Mon, Wed, 2pm-3pm
Dr. Shuichiro Takeda's research interests lie in the theory of automorphic representations, which is sometimes called the Langlands program. The Langlands program is at the crossroad of algebra, analysis, number theory and representation theory, and hence connecting diverse areas of modern mathematics. In particular, his research has been focusing on the theory of theta correspondences and its applications to problems on automorphic representations and representations of p-adic groups. Using this theory, partially in collaboration with others, he has produced numerous important results, many of which have been published in top journals in pure mathematics.
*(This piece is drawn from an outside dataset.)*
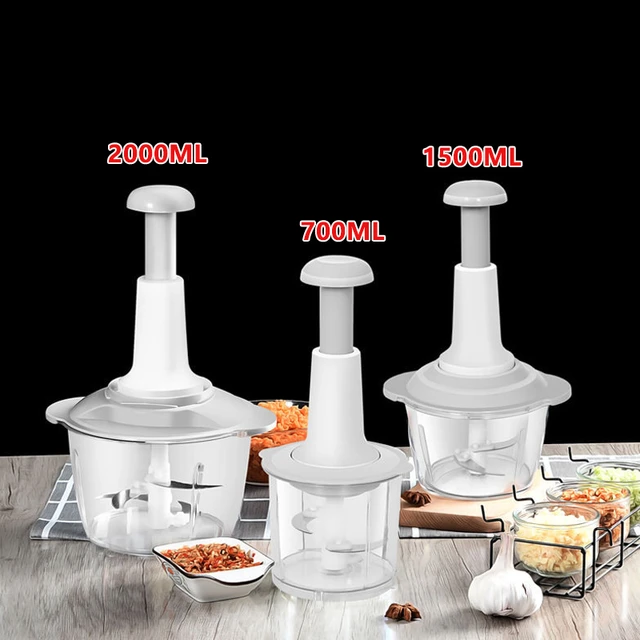 Multi-function Kitchen Manual Food Processor Household Meat Grinder  Vegetable Chopper Quick Shredder Green Cutter Egg Blender - AliExpress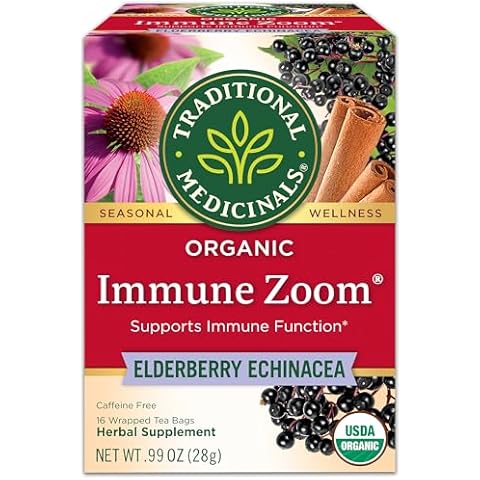 Traditional Medicinals Elderberry Echinacea Tea Cover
During his career, his research has been partially supported by the National Science Foundations. Also internationally, he was a postdoc fellow at the Center of Advanced Studies in Mathematics at Ben Gurion University in Israel, was a Jerrold E. Marsden Postdoctoral Fellow in the Fields Institute for Research in Mathematical Sciences in Canada, and spent a few months as a visitor at the IHES in France.
Dr. Takeda has been a teacher of mathematics since he was a graduate student. He has taught diverse math courses at various levels in five universities in the U.S., which are San Francisco State University, University of Pennsylvania, University of California at San Diego, Purdue University and University of Missouri at Columbia.
- 2006 Ph.D., University of Pennsylvania, Mathematics
- 2001 M.A., San Francisco State University, Mathematics
- 2000 M.A., San Francisco State University, Philosophy
- 1997 B.E., Tokyo University of Science, Engineering
- MATH 4140/7140 Matrix Theory
- MATH 2300 Calculus III
Automorphic Representation Theory, Representation Theory of p-adic groups, Number Theory
W.T. Gan and S. Takeda, The Local Langlands Conjecture for GSp(4), Ann. of Math. 173 (2011), 1841-1882.
S. Takeda, The twisted symmetric square L-function of GL(r), Duke Math. J. 163 (2014), 175-266.
W.T. Gan, Y. Qiu and S.Takeda, The regularized Siegel-Weil formula (the second term identity) and the Rallis inner product formula, Inventiones Math, 198 (2014) 739-831.
W.T. Gan and S. Takeda, A proof of the Howe duality conjecture, J. Ameri. Math. Soc. 29 (2016), 473-493.